Fahrenheit 451 sounds silly.

In my film and Lit class we are reading and watching “Fahrenheit 451” and I thought that it was interesting that the actor playing our rebellious hero (in the super space-age-y 1966 film) has a German accent.

Here is a Youtube video (that someone spent way too much time putting together) with some snippets of the actor (Oskar Werner) talking. Not to offend, but I think that his accent is kind of funny and it makes me giggle. I’m not saying all German accents are ridiculous, but his kinda is.



Anyway … here’s what I said about it all:


Did anyone else find it interesting that in the film version of “Fahrenheit 451” they made Montag German?

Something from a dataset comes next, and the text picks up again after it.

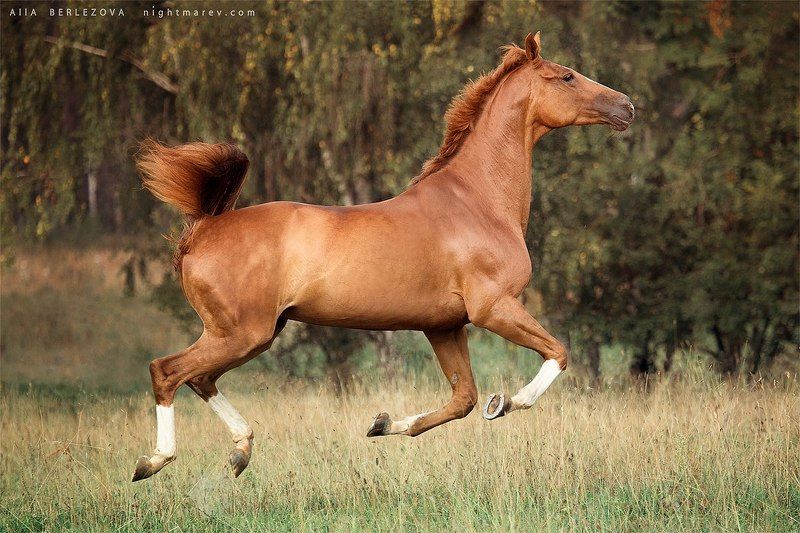 horse gallop field sun forest trakehner Potamiaphoto preview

At first I thought that it was a not so subtle allusion to Nazism and I thought it was kind of an insensitive choice, but then I spent some more time mulling it over. Since Montag actually rebels against the book burning (and since the director makes a point of showing us that they will be burning Mein Kampf as well) I started to think that maybe making Montag German was actually an attempt to redeem the Germany of its sins in World War II.

Either way, just by choosing to give Montag that accent, the film ties the character (and maybe the whole dystopian society) to the images of Nazi book burning that we are all familiar with.

To be fair, I looked up the movie and discovered that Oskar Werner (the actor playing Montag) was actually Austrian and that during the war he tried to avoid conscription, but when we couldn’t avoid it anymore, he signed up and then quickly deserted. So even if the director wasn’t making a connection between Nazism and the world of “Fahrenheit 451”, surely the connection exists in Werner’s performance.

Did anyone else feel that Montag’s accent alluded to Nazism and maybe redemption? Or am I just crazy?